_What to do_
Before copying, set the pictures aside; then repeat every line below verbatim.

_Data extract_
────────────────────
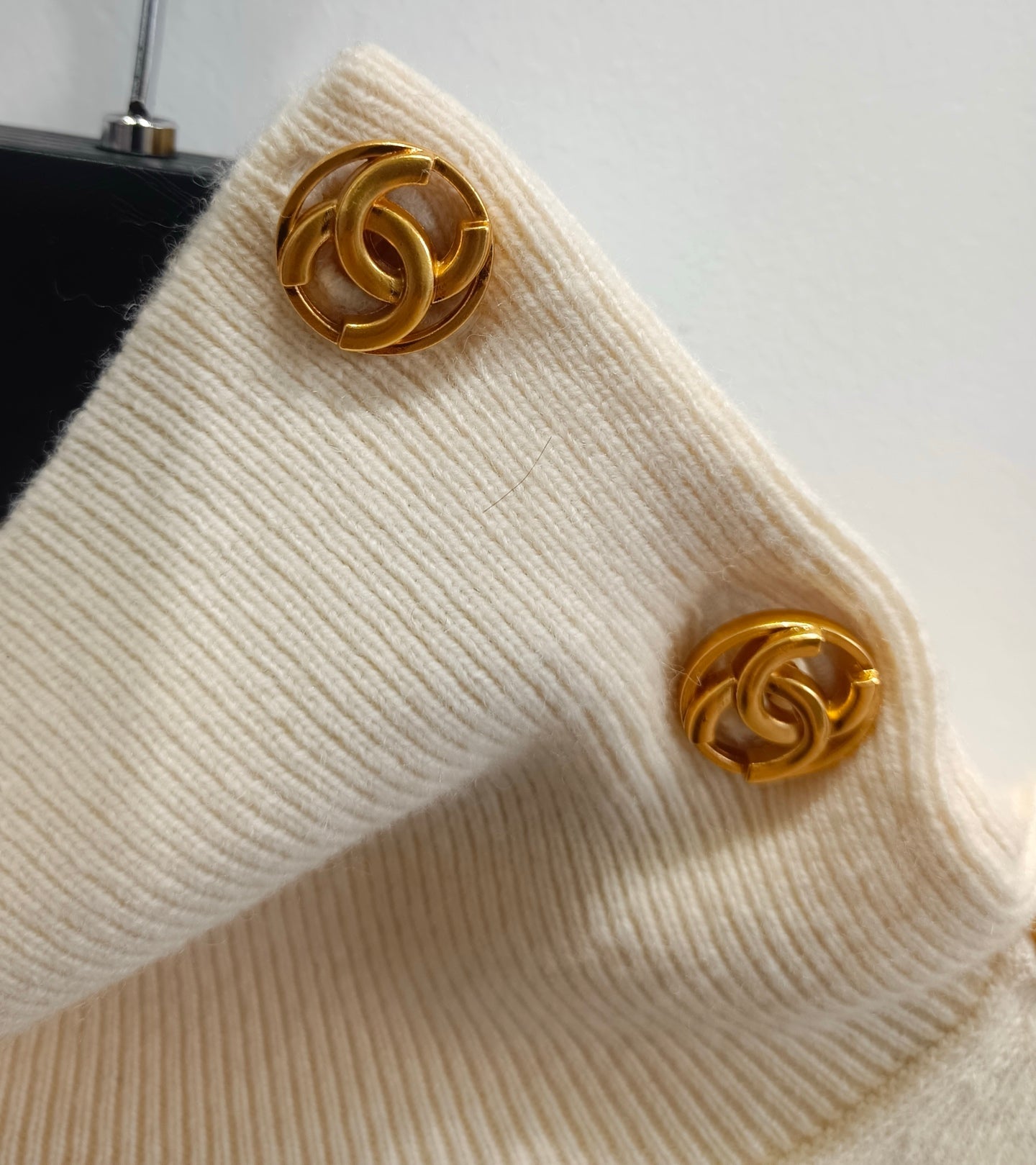 CC 26s Turtleneck Sweater With Shoulder Buttons Ivory Wool 423125
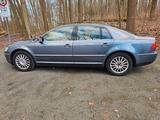 Volkswagen Phaeton 3.0 V6 TDI Vollausstattung mit ACC - silberne Volkswagen Phaeton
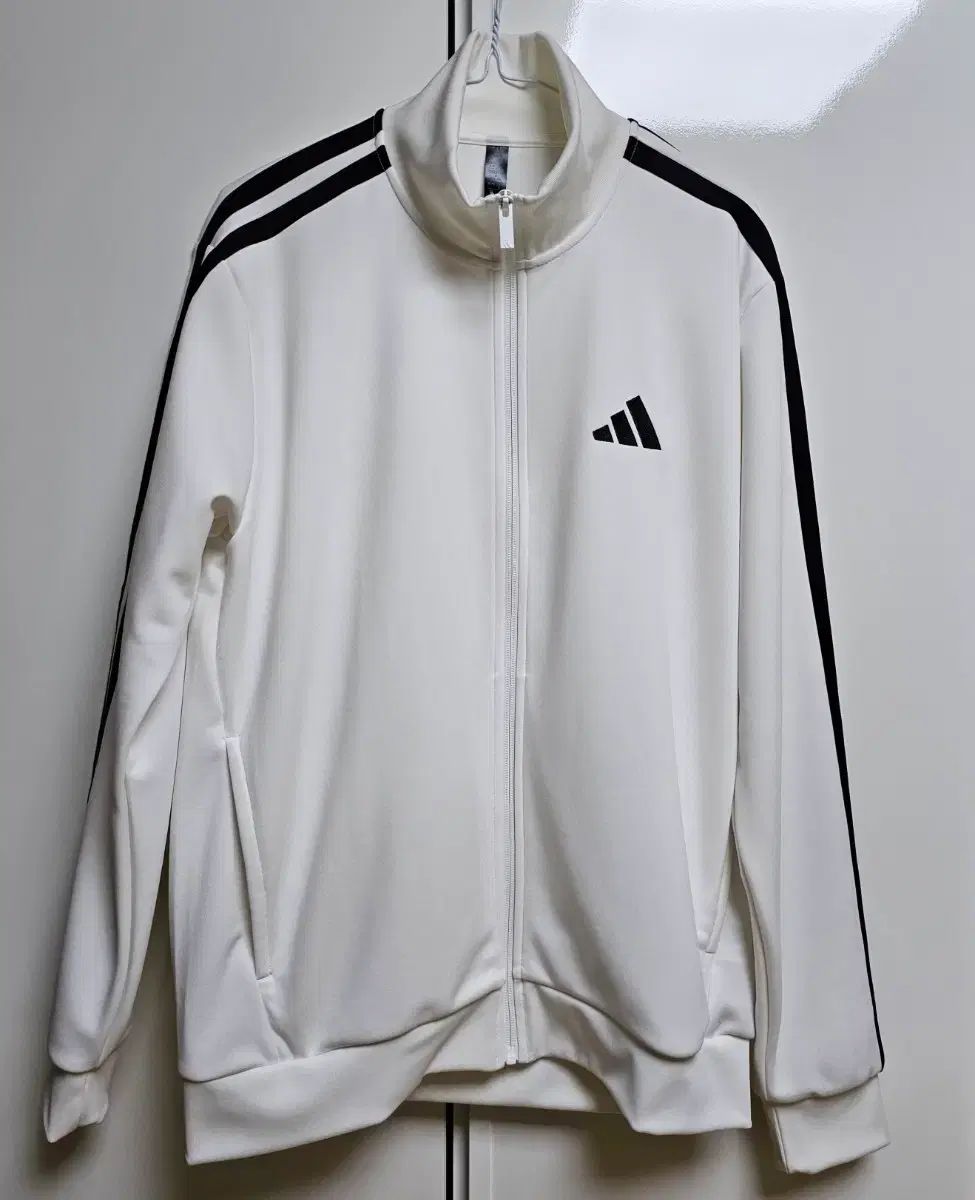 adidas アディダス トラックジャージ ジャージ 白 Mサイズ 出品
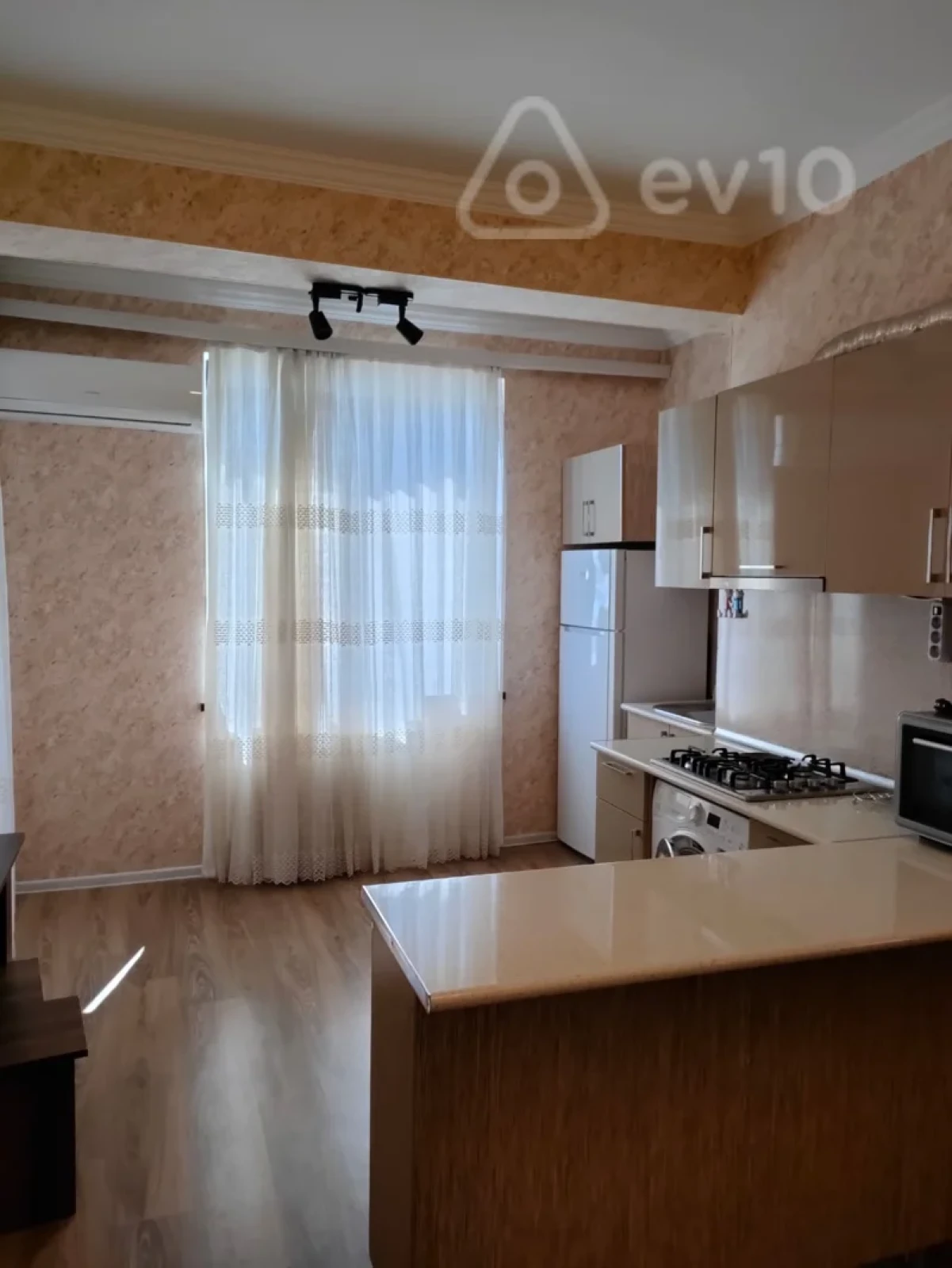 Kirayə verilir 3 otaqlı yeni tikili 150 m²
────────────────────
_Task output_
 CC 26s Turtleneck Sweater With Shoulder Buttons Ivory Wool 423125
 Volkswagen Phaeton 3.0 V6 TDI Vollausstattung mit ACC - silberne Volkswagen Phaeton
 adidas アディダス トラックジャージ ジャージ 白 Mサイズ 出品
 Kirayə verilir 3 otaqlı yeni tikili 150 m²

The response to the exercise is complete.